WORK REQUEST ->
Only the lines from the one with "Croix Colombe et Eglise rose 14x9cm" to the end of the data below should be given again, exactly as written.

MATERIAL PROVIDED ->
- - -

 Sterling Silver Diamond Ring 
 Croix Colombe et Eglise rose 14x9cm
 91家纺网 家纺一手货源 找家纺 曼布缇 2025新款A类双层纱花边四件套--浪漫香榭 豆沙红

- - -

COMPLETED EXERCISE ->
 Croix Colombe et Eglise rose 14x9cm
 91家纺网 家纺一手货源 找家纺 曼布缇 2025新款A类双层纱花边四件套--浪漫香榭 豆沙红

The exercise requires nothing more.